**WHAT IS EXPECTED:** For the data below, retype word for word the lines from the one containing "Used 2023 Nissan Sentra S image 5" through the one containing "11 Kırmızı Güllü Buket"; drop the pictures.

**PROVIDED RECORDS:**
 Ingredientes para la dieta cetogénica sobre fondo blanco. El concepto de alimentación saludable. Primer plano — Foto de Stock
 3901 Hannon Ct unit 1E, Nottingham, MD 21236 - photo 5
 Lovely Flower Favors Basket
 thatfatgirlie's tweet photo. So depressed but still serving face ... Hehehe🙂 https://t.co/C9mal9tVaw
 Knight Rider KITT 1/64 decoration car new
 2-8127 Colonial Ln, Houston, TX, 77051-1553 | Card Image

---

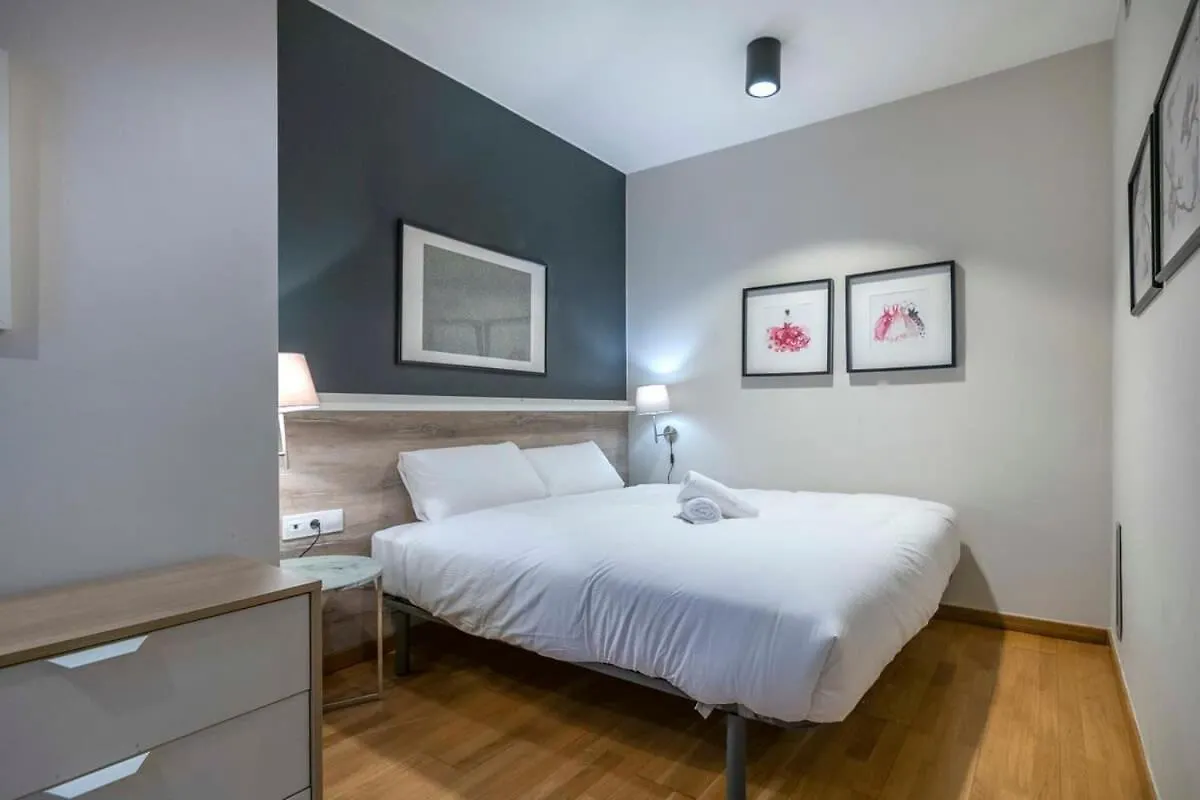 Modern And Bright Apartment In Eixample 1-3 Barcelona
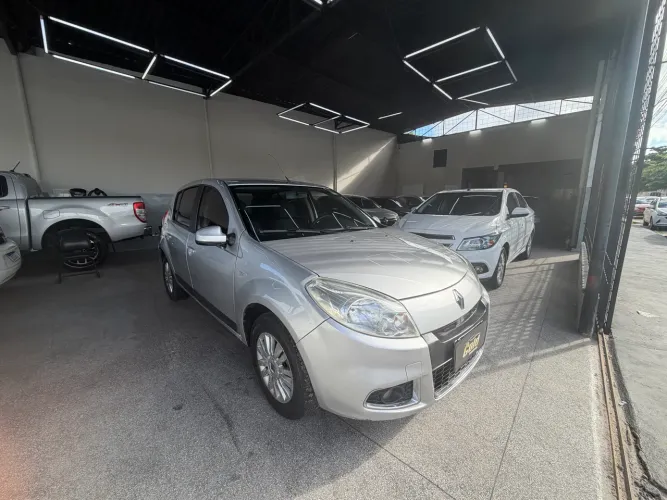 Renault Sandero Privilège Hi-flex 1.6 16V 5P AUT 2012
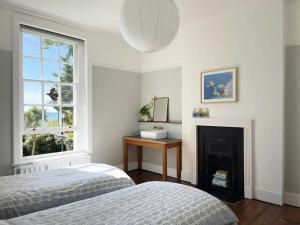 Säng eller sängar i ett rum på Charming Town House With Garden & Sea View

--

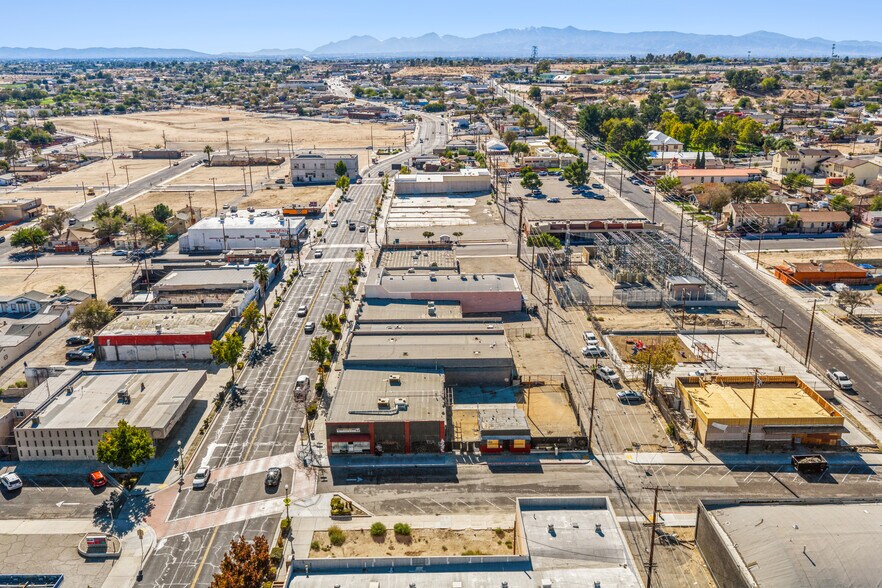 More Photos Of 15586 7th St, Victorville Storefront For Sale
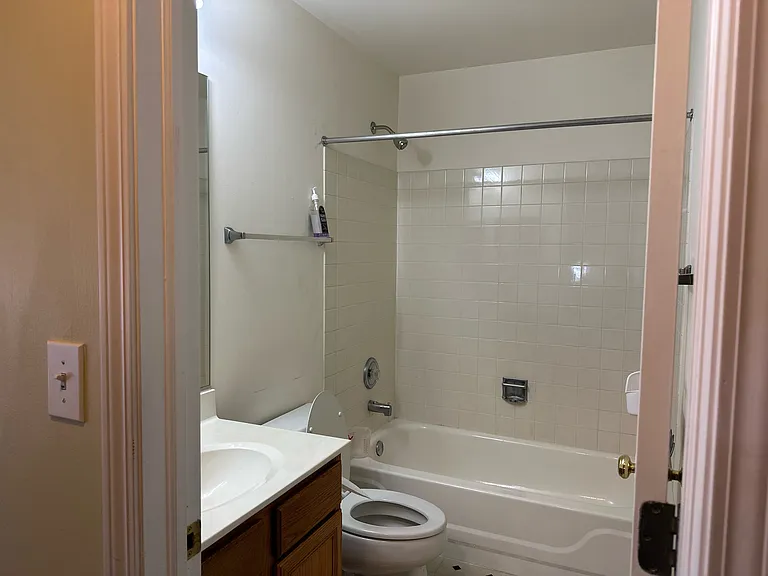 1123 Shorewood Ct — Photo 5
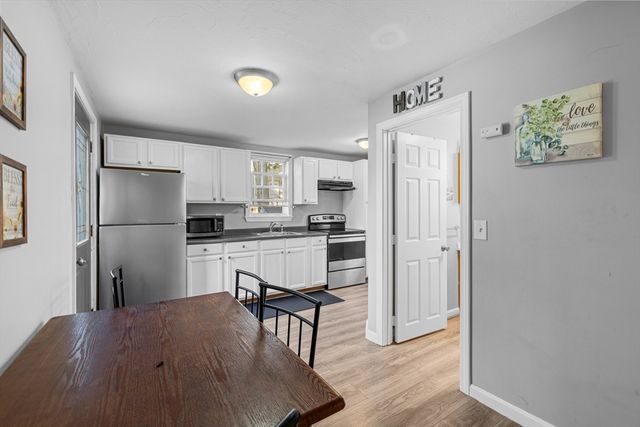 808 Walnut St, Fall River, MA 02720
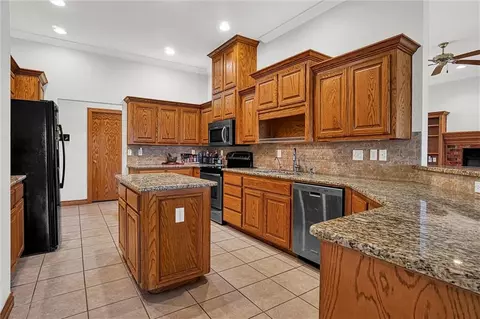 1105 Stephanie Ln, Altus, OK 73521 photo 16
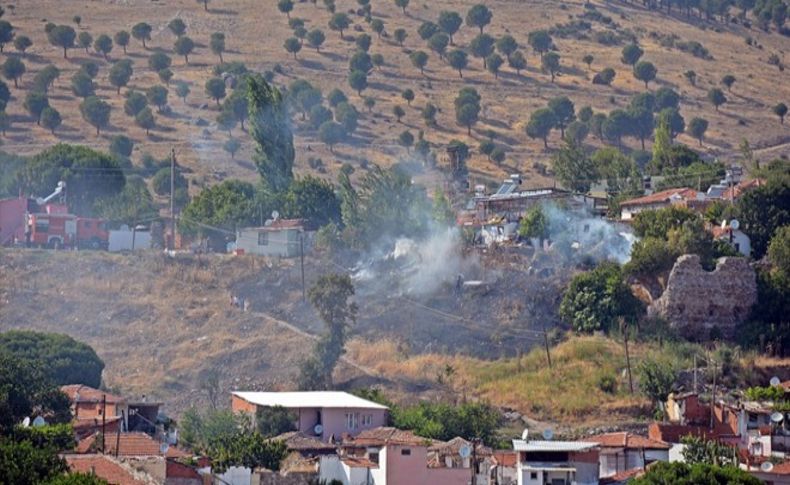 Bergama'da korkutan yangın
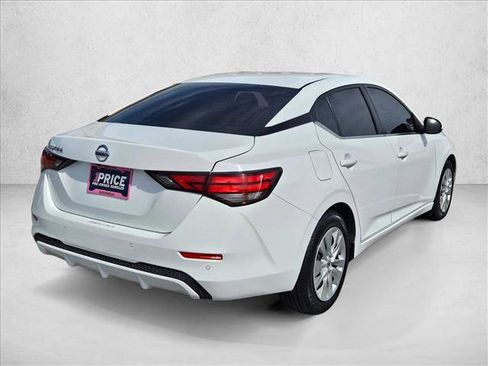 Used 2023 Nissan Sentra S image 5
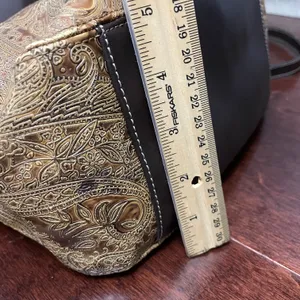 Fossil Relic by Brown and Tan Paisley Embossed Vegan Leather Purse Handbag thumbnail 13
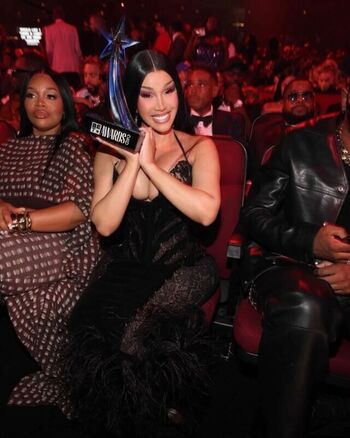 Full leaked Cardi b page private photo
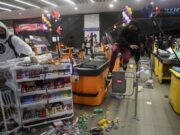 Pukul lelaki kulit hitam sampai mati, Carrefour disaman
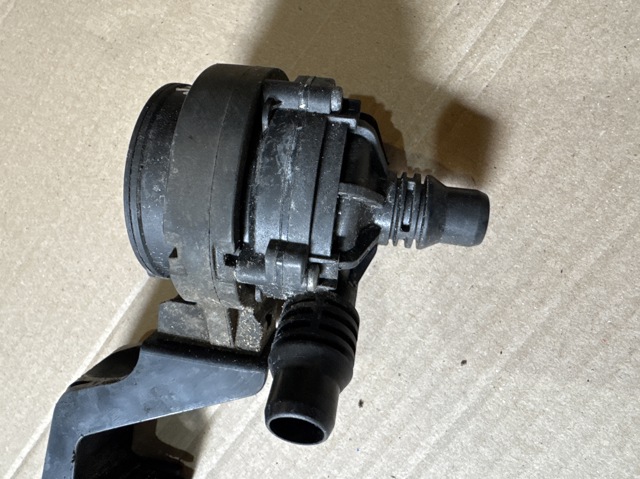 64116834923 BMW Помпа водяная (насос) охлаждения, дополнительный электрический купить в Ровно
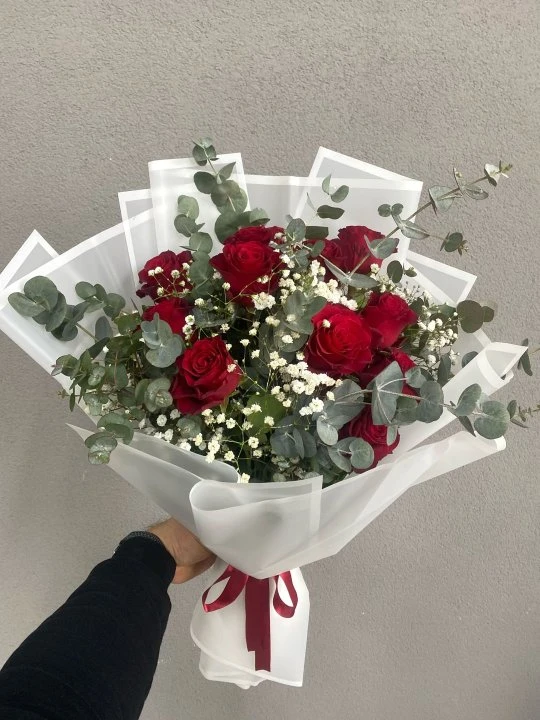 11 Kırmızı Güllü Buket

**SOLUTION TO THIS TASK:**
 Used 2023 Nissan Sentra S image 5
 Fossil Relic by Brown and Tan Paisley Embossed Vegan Leather Purse Handbag thumbnail 13
 Full leaked Cardi b page private photo
 Pukul lelaki kulit hitam sampai mati, Carrefour disaman
 64116834923 BMW Помпа водяная (насос) охлаждения, дополнительный электрический купить в Ровно
 11 Kırmızı Güllü Buket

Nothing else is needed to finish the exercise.